The keto diet is actually a very restrictive diet. For example, in the classic keto diet, we get about 80 per cent of our caloric requirements from fat and 20 per cent from protein and carbohydrates.

This is a significant departure from the norm where the body uses sugar obtained by digesting carbohydrates for energy, but by severely restricting carbohydrates, the body is forced to use fat instead.

A ketogenic diet requires a healthy dietary intake of healthy fats such as coconut oil, pasty butter, organic pastured eggs, avocados, fish such as salmon, cottage cheese, avocado, almond butter, and raw nuts (raw pecans and macadamia nuts).

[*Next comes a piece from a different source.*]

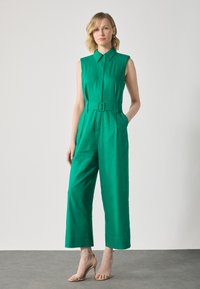 Green sleeveless jumpsuit with a collar, front buttons, a belt at the waist, and wide cropped legs; smooth fabric with a matte finish.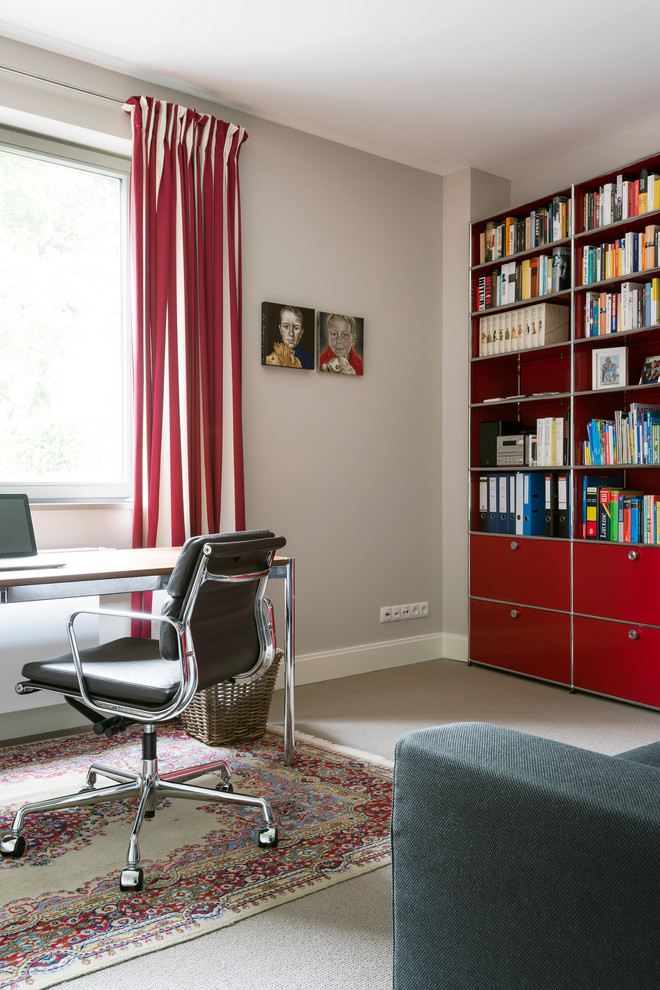 Kleines Modernes Arbeitszimmer ohne Kamin mit grauer Wandfarbe, Teppichboden, freistehendem Schreibtisch, grauem Boden und Arbeitsplatz in Hamburg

People on a ketogenic diet avoid all bread, rice, potatoes, pasta, flour, starchy vegetables and dairy products.

It is low in vitamins, minerals and nutrients and needs supplementation.

A low-carb diet is often recommended for people with type 2 diabetes because carbohydrates turn into blood sugar, which in large amounts causes a spike in blood sugar. So for a diabetic with high blood sugar, eating additional sugar-producing foods is courting danger.

By switching the focus from sugar to fat, some patients may experience reduced blood sugar levels.

Changing the body’s primary energy source from carbohydrates to fat leaves a byproduct of fat metabolism, ketones, in the blood. This can be dangerous for some diabetic patients, as a build-up of ketones can put them at risk of developing diabetic ketoacidosis (DKA). DKA is a medical emergency requiring immediate medical attention.

Symptoms of DKA include persistently high blood sugar, dry mouth, polyuria, nausea, fruity breath, and difficulty breathing. Complications can lead to diabetic coma.